Ana Carolina e Gabriela nasceram e residem em São Paulo e, para quem as observa de fora, vivem rotinas bem parecidas trabalhando em grandes escritórios na Faria Lima, têm uma ampla rede de amigos e, claro, de seguidores no Instagram, e exibem nas redes sociais uma vida aparentemente equilibrada. Mas, nos bastidores, as duas enfrentam o mesmo “desafio” na busca incansável pelo "corpo perfeito", levando-as a medidas extremas como dietas exageradas ao uso de medicamentos arriscados como o Ozempic e procedimentos estéticos invasivos. Cada uma carrega motivações distintas, mas o fio condutor é o mesmo. A pressão por se encaixar nos padrões estéticos que regem as redes e os círculos sociais ativam este tipo de comportamento, especialmente quando o verão está próximo.

Ana Carolina, conhecida pelas amigos como “Carol”, acorda todos os dias às 5h30, impulsionada pelo desejo de eliminar cada grama de gordura que considera "indesejada". Aos 32 anos, é formada em Publicidade e Propaganda e trabalha no setor de marketing em uma agência voltada para o mercado de moda. Ela acredita que, no ambiente em que está, ser magra e tonificada faz parte do código de conduta, algo quase tão essencial quanto entregar bons resultados para a empresa. 

Após levantar da cama, ela prepara um café preto sem açúcar - sua única "refeição" até o meio-dia - se arruma e já segue para uma sessão de corrida e musculação na academia com Suzane, sua personal trainer. Nos últimos meses, essa rotina ganhou como aliado o medicamento Ozempic, conhecido por reduzir o apetite. A ideia surgiu em uma conversa com amigas no escritório, que comentaram sobre os efeitos "milagrosos" e mega rápidos do remédio, e que conheciam pessoas que emagreceram até 10 quilos em poucas semanas. A busca constante pela aceitação social não a impediu de comprar a ideia, já que recebe um salário suficiente para lidar com o alto valor do medicamento.
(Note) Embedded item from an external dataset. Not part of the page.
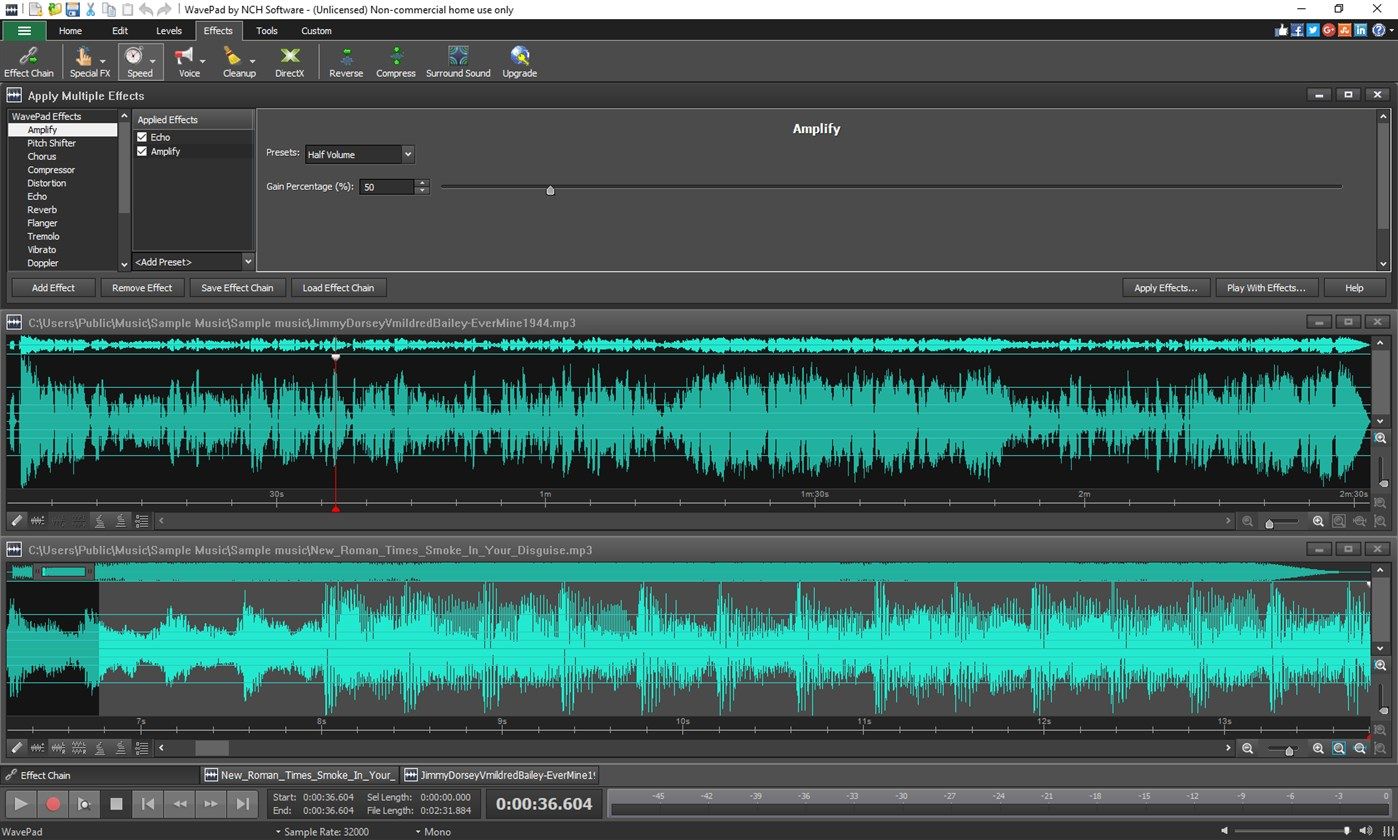 WavePad interface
Carol descreve o Ozempic como a "solução perfeita", mas enfrenta os efeitos colaterais sem reclamar. As náuseas e tonturas são, para ela, o preço de uma cintura mais fina, coxas mais firmes e um corpo mais esbelto. Ela afirma repetidamente que todo o esforço é necessário, pelo menos, até o verão, quando ela irá viajar para as praias de Búzios e precisará utilizar roupas de banho para pegar sol e tomar banhos de mar e piscina. Ela também tem o costume de se observar no espelho muitas vezes ao longo do dia, sempre buscando defeitos e imaginando como cada parte do seu corpo poderia ser "melhorada". Durante o dia, entre uma reunião e outra, ela recorre a chás laxantes ou que prometem efeitos de desinchaço e passa longos períodos sem comer - de vez em quando recorre à uma fruta.
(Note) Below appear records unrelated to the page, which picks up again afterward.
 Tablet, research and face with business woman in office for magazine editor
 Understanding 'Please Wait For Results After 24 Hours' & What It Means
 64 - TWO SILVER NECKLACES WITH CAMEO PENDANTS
Por mais que seu peso esteja abaixo do recomendável para sua altura, Ana Carolina ainda enxerga inúmeras imperfeições. Ela não consegue deixar de se comparar com “influencers” extremamente magras que vê nas redes sociais e sente que, para manter-se relevante na indústria da moda, precisa encarar essa rotina rígida e cansativa. A obsessão vai minando seus relacionamentos, sua saúde, mas, no fim, parece compensar – ao menos, até que a aprovação no espelho esteja garantida.

Gabriela, de 34 anos, trabalha em uma empresa de tecnologia também localizada na Faria Lima, onde os padrões corporais não são explicitamente exigidos. Mesmo assim, ela se sente pressionada pela imagem que deseja projetar, especialmente com a aproximação do verão. Diferente de Ana Carolina, Gabriela nunca gostou de praticar exercícios físicos e também não conseguiu manter dietas por um longo período de tempo. Recorreu à cirurgia plástica como uma alternativa mais rápida, radical e invasiva.
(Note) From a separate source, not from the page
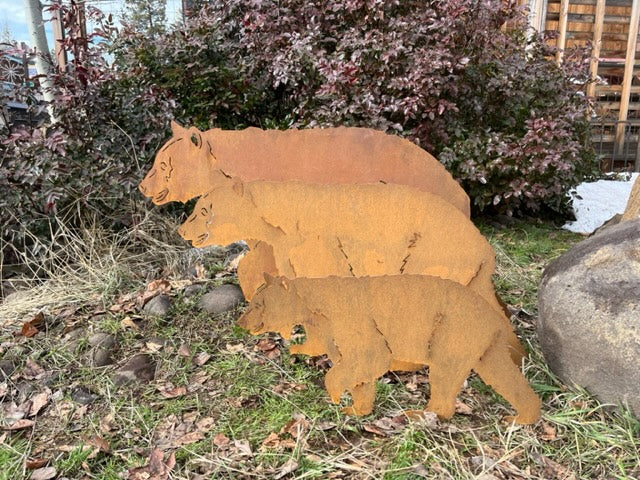 Walking Bear Metal Outdoor Art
A obsessão pelo “corpo perfeito” começou após terminar um relacionamento doloroso, que a fez questionar sua própria aparência. Ela pensa que talvez o ex-namorado não tivesse ido embora se ela tivesse um corpo dentro dos padrões de estética impostos pela sociedade, Estava convencida de que um corpo dentro do padrão era sinônimo de aceitação. Essa ideia a levou ao consultório de um cirurgião estético no Rio de Janeiro, onde, em um mês, estava agendada para uma lipoaspiração e um procedimento de bichectomia - algo que prometia esculpir seu rosto e sua silhueta de forma rápida e visível.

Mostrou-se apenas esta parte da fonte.